The Sale. The Price. The Deal
It is an open secret among the counterterrorism agencies engaged in the war on al Qaeda that the United States and Pakistani military and intelligence were in some sort of rapport before and during the US special raid of May 2 that ended the life of Al Qaeda leader Osama Bin Laden in Abbottabad, in the North West Frontier of Pakistan, DEBKA-Net-Weekly reports.
The battle of contradictory accounts Washington and Islamabad were conducting this week on what really happened in the raided villa will not be allowed to get out of hand because, "Tomorrow is another day for the war on terrorism and a united effort for gains," one Western intelligence officer commented.

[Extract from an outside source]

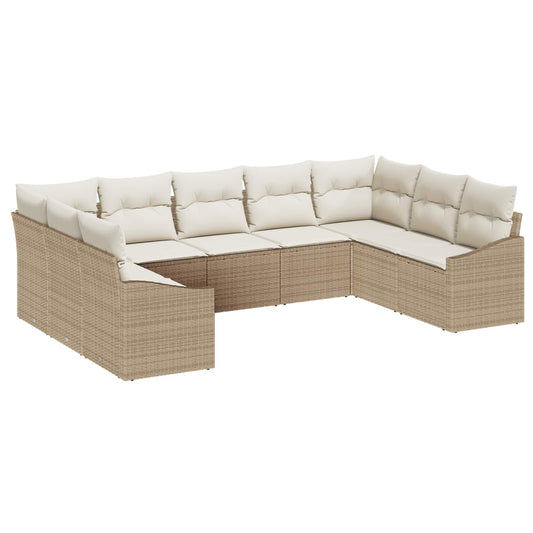 Set Divano da Giardino 9 pcs Beige e Crema polyrattan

"At the same time," said the source, "While not slamming the door, neither are the Americans or the Pakistanis letting each other completely off the hook. Both want to make sure that their opposite number doesn't go it alone."
The verbal sparring between Washington and Islamabad is a feature of the following scenario:
1. The two governments are contradicting each other on the degree of cooperation between them: US officials deny Pakistan knowledge of or cooperation in the operation whereas Pakistani officials insist it was a joint venture and refuse to back down.
Lieut. Gen. Asad Durrani, former head of Pakistan's Inter-Services-Intelligence agency, ISI, said Thursday, May 5, that it was "inconceivable" for his government to have been ignorant of the US commando raid on the bin Laden's compound, but are officially denying it to stave off domestic backlash.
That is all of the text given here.